Family |
Asteraceae
Carthamus glaucus
M.Bieb.
Carthamus glaucus M. Bieb.
(Nouvelle Flore du Liban et de la Syrie, vol. 3, Pl. CCCVII & CCCIX nº 3; 1983)
Life-form & habit: Finely puberulent, canescent annual or biennial, sometimes glandular. Stems erect, straw-yellow or brown, corymbosely branched.
Leaves: Basal leaves lyrate-pinnatifid; cauline leaves coriaceous, oblong-lanceolate with prominent veins, clasping at the base, dentate-spinulose. Uppermost leaves smaller and gradually reduced.
Inflorescence & flowers: Capitula oblong-ovoid, variable in size, ca. 2 cm high. Outer bracts foliar, pinnatifid, spinulose-dentate, as long as the flowers; inner bracts scarious, lanceolate, acute, entire.
Flowers: Rose-purple.
Fruit: Achenes thick, short, ovoid-quadrangular.
Pappus: Reddish-brown; outer series of short, retuse scales; inner pappus of longer paleae (2–3× the achene), with the innermost series short and connivent.
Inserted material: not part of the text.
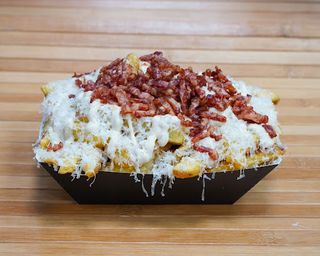 Patatas con Parmesano, Bacon y Ranchera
Phenology: Flowers from May to August.
Habitat & elevation: Roadsides, fallow fields, and cultivated ground.
Lebanese distribution: Ct. Tyr, between Tyr and Nahr Qazmiyé, Beirut (near Pigeon Rocks), Tripoli, Saïda; Mi. ‘Abey, Douma; Met. Ksara, Ta‘naïl, ‘Amiq, ‘Aytanit–Jisr el-Kuwwe, Beqaa plain; A.L. Ouadi el-Harir.
Syrian distribution: Arida, Nahr Abrache; Aleppo, Ma‘arat en-Na‘man, W of Sarmada, Damascus (Sahl-es-Sahra, Mezzé, ‘Adra), Soueida, Chaa’f, Chaba‘a.
Native range: Egypt, Iran, Iraq, Krym, Lebanon-Syria, Libya, North Caucasus, Palestine, Sinai, Transcaucasus, Türkey, Ukraine. (KEW)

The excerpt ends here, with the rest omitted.